**Problem**
Print this span of the material below exactly: the line with "新生婴儿连体衣纯棉a类初生宝宝保暖夹棉春秋冬薄款包脚连脚开裆", the line with "Luxurious temple radha", and every line between them, but nothing else.
########################################
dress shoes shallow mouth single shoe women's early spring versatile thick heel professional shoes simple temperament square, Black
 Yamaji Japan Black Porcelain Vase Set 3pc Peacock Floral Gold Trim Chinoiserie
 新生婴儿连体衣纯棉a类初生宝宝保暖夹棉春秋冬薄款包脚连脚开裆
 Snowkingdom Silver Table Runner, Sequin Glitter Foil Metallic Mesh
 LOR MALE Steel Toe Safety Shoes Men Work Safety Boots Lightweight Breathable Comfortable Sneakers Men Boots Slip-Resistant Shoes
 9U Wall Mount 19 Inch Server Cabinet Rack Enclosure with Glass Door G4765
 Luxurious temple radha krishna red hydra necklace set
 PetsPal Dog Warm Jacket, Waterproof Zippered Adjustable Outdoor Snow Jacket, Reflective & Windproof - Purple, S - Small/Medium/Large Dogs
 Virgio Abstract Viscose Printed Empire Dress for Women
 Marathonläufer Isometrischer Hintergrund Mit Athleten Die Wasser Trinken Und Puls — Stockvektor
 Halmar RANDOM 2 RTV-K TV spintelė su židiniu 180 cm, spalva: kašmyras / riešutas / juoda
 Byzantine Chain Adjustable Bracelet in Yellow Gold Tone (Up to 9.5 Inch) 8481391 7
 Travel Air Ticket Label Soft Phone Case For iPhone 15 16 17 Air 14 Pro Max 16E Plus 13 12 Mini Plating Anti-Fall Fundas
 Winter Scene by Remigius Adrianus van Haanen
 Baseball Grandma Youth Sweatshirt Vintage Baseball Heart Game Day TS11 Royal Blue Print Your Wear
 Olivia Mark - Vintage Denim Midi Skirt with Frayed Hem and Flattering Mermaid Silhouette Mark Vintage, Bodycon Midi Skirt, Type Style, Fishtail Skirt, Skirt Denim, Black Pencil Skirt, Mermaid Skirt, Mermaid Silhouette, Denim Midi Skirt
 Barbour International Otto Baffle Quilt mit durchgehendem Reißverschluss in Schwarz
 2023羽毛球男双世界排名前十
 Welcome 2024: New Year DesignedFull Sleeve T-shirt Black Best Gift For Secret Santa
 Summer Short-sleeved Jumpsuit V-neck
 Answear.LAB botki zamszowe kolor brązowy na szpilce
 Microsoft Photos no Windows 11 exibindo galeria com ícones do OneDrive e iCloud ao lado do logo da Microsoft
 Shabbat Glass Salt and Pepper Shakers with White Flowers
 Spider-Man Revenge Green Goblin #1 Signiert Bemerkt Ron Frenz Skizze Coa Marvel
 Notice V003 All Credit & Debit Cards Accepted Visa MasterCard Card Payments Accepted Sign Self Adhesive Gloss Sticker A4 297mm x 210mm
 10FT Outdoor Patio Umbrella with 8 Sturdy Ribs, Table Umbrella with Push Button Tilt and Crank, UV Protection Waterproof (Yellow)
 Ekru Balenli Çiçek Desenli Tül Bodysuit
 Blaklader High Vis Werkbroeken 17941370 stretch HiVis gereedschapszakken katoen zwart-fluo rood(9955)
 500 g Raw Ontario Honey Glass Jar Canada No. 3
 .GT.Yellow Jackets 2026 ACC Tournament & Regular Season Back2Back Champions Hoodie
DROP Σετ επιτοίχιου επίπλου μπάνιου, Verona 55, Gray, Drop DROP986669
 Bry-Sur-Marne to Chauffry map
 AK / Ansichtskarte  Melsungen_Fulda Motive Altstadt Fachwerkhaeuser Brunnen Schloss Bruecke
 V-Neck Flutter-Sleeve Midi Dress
########################################
**Task answer**
 新生婴儿连体衣纯棉a类初生宝宝保暖夹棉春秋冬薄款包脚连脚开裆
 Snowkingdom Silver Table Runner, Sequin Glitter Foil Metallic Mesh
 LOR MALE Steel Toe Safety Shoes Men Work Safety Boots Lightweight Breathable Comfortable Sneakers Men Boots Slip-Resistant Shoes
 9U Wall Mount 19 Inch Server Cabinet Rack Enclosure with Glass Door G4765
 Luxurious temple radha krishna red hydra necklace set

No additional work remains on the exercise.